INSTRUCTIONS FOR THE TASK
The full listing should be written out verbatim, and its images should be dropped.

RECORDS TO PROCESS
--- START ---

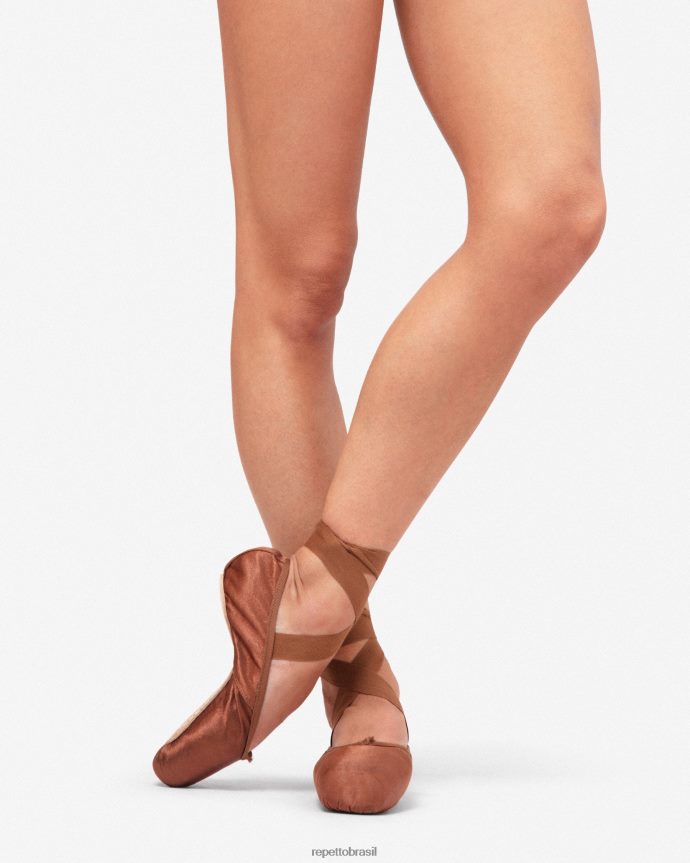 calçados br Repetto mulheres sapatilhas de ponta carlotta - caixa média sola média marrom gelo 8JZ2L8566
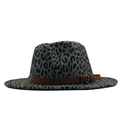 Cappello fedora in lana grigio leopardato con cinturino marrone e fibbia in metallo - M (56-58cm) / Grigio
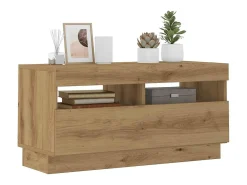 Mueble TV luces LED madera ingeniería roble artisan 80x35x40 cm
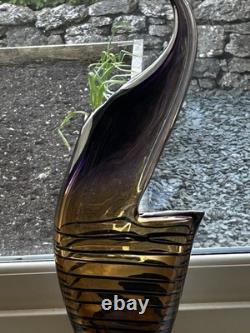 Large Czech 1960-70s Sommerso Glass Vase 50cm Amethyst Amber Hospodka Style MCM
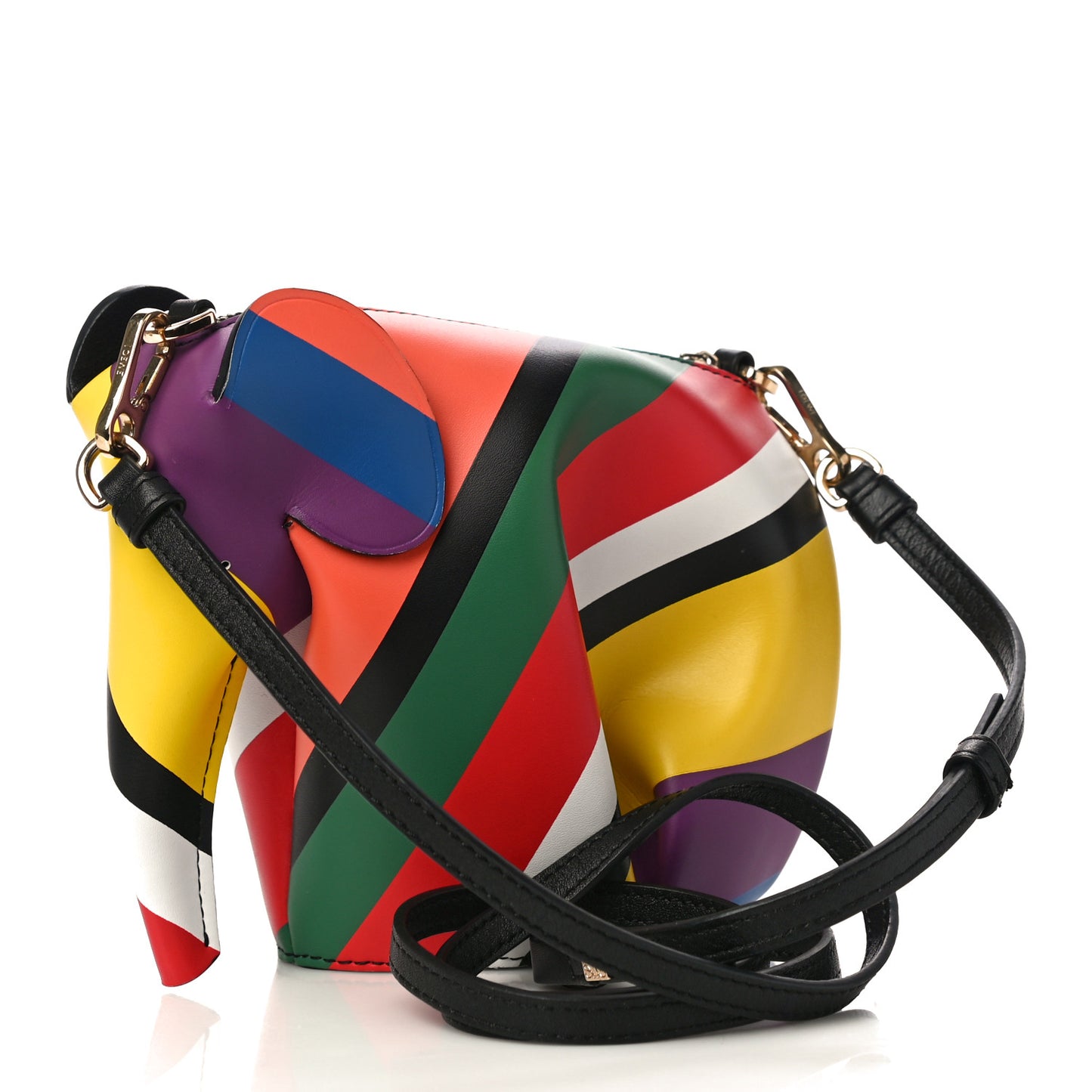 Calfskin Mini Striped Elephant Crossbody Bag Multicolor
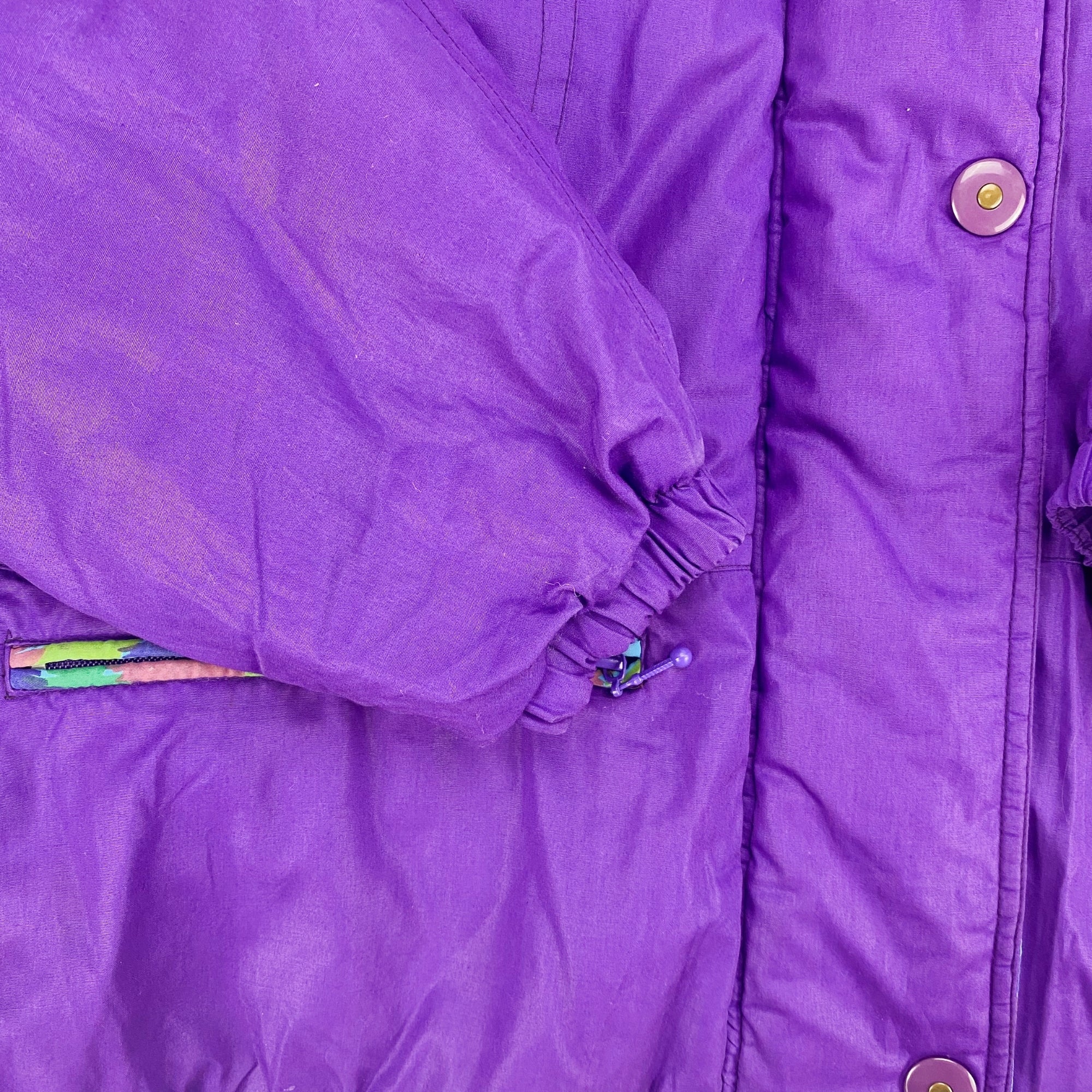 Vintage Italian Purple Padded Coat - Size Medium -  - Coats & jackets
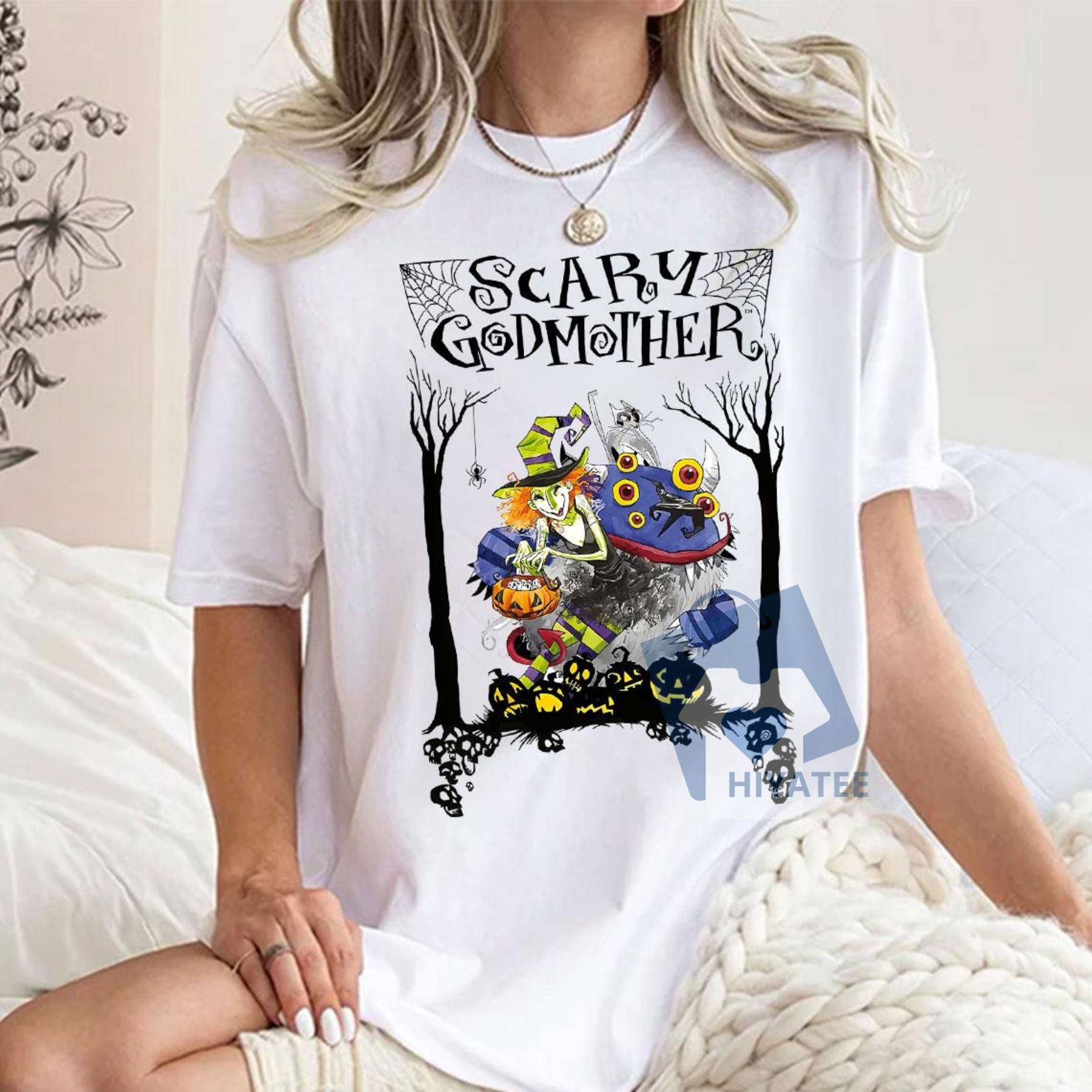 Scary Godmother Halloween Shirt – Retro Movie Horror Tee, Vintage-Inspired Halloween T-Shirt for Fans-Hiyatee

--- END ---

RESPONSE BELOW
 calçados br Repetto mulheres sapatilhas de ponta carlotta - caixa média sola média marrom gelo 8JZ2L8566
 Cappello fedora in lana grigio leopardato con cinturino marrone e fibbia in metallo - M (56-58cm) / Grigio
 Mueble TV luces LED madera ingeniería roble artisan 80x35x40 cm
 Large Czech 1960-70s Sommerso Glass Vase 50cm Amethyst Amber Hospodka Style MCM
 Calfskin Mini Striped Elephant Crossbody Bag Multicolor
 Vintage Italian Purple Padded Coat - Size Medium -  - Coats & jackets
 Scary Godmother Halloween Shirt – Retro Movie Horror Tee, Vintage-Inspired Halloween T-Shirt for Fans-Hiyatee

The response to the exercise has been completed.